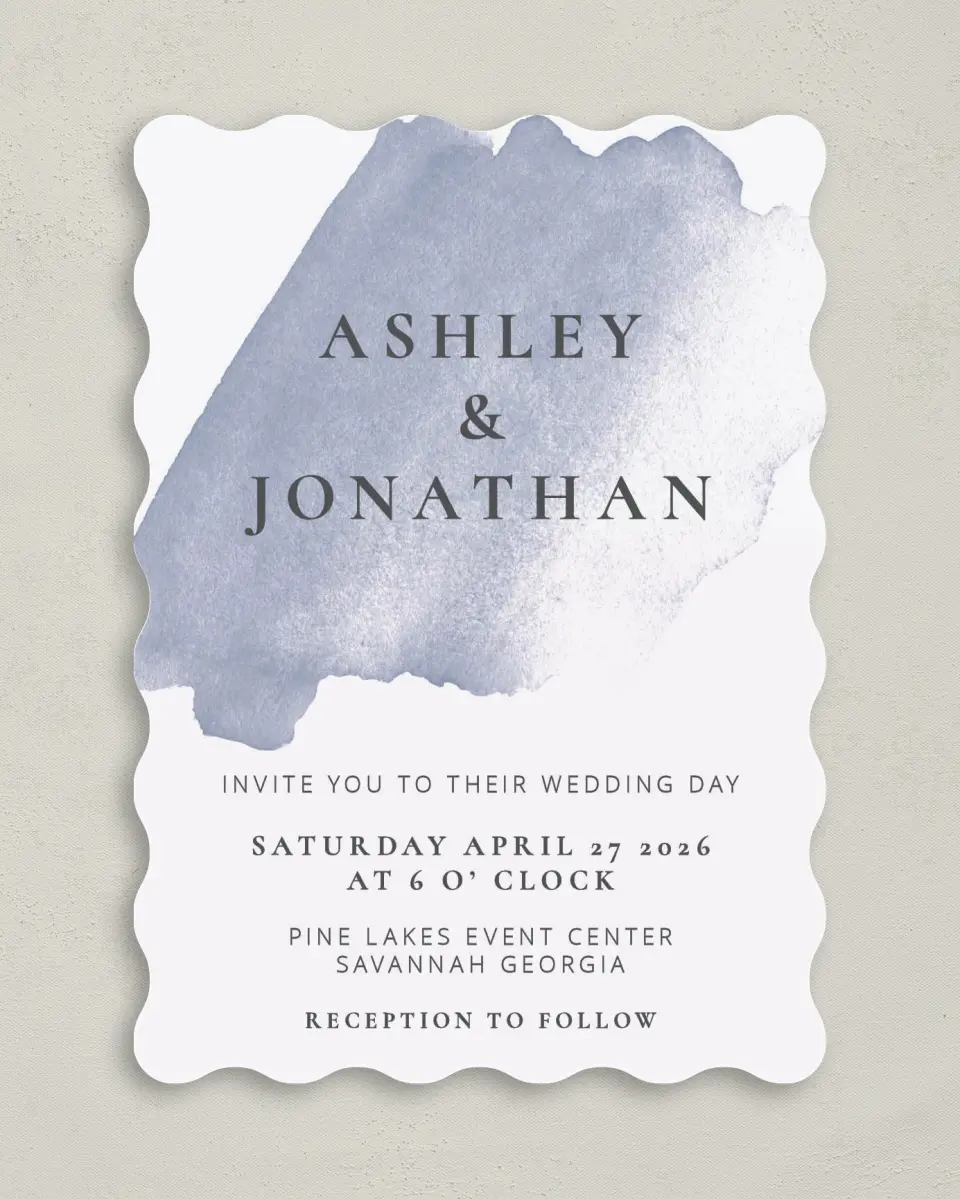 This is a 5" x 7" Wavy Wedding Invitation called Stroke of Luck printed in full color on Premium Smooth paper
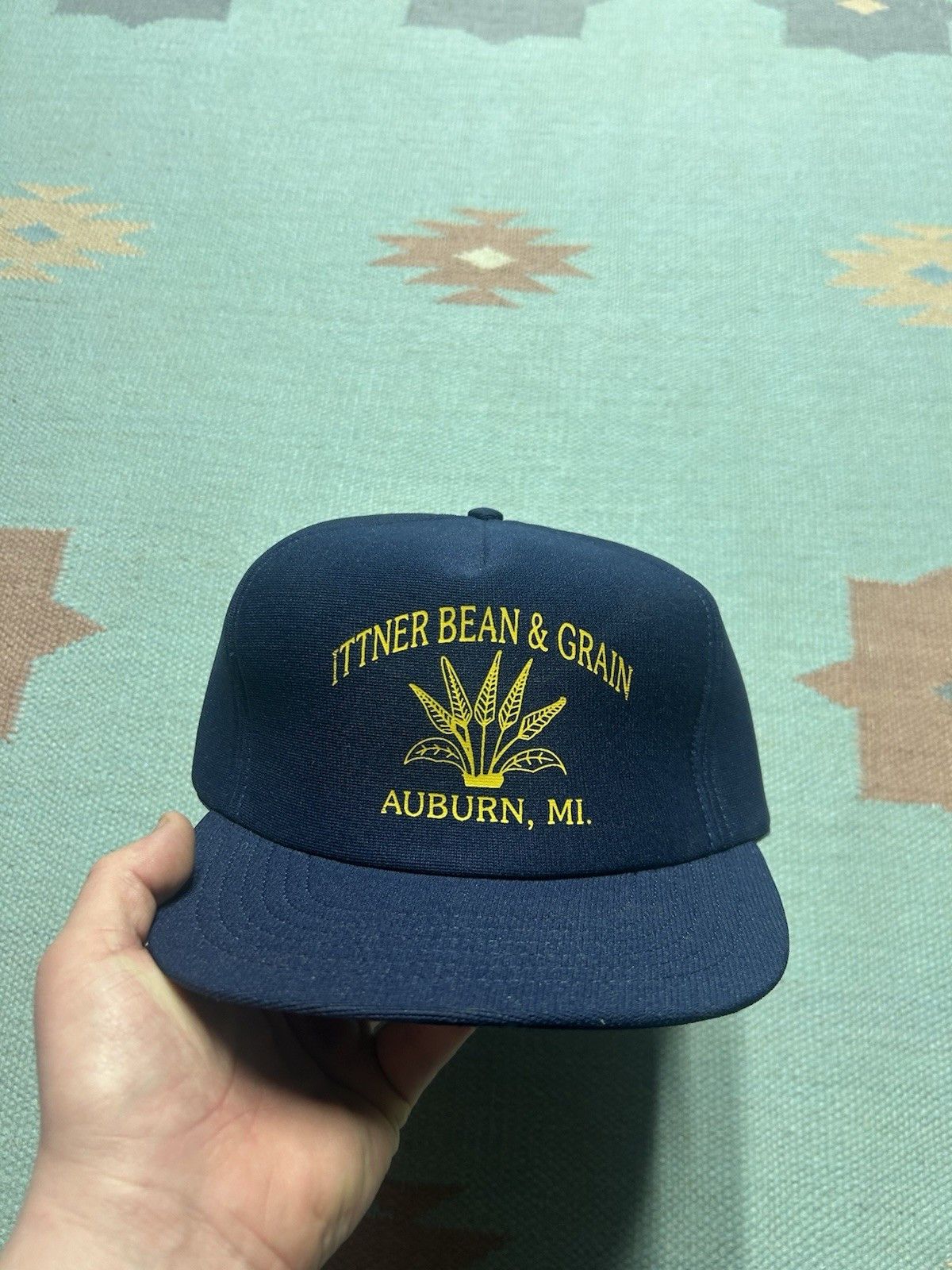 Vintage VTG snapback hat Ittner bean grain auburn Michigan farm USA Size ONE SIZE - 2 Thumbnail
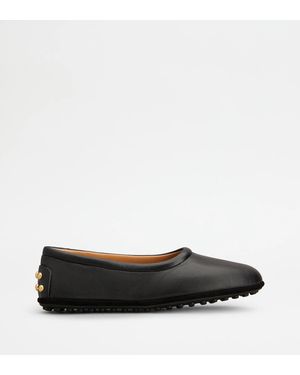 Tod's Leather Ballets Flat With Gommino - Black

———

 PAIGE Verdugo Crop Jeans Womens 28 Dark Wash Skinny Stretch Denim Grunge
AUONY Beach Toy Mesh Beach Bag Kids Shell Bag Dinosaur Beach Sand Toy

———

*PROBLEM DETAILS*. In the records above, find the line with "Vintage VTG snapback" and the line with "Tod's Leather Ballets", then restate word for word only those two lines and all lines between, omitting pictures.

*YOUR RESPONSE*.
 Vintage VTG snapback hat Ittner bean grain auburn Michigan farm USA Size ONE SIZE - 2 Thumbnail
 Tod's Leather Ballets Flat With Gommino - Black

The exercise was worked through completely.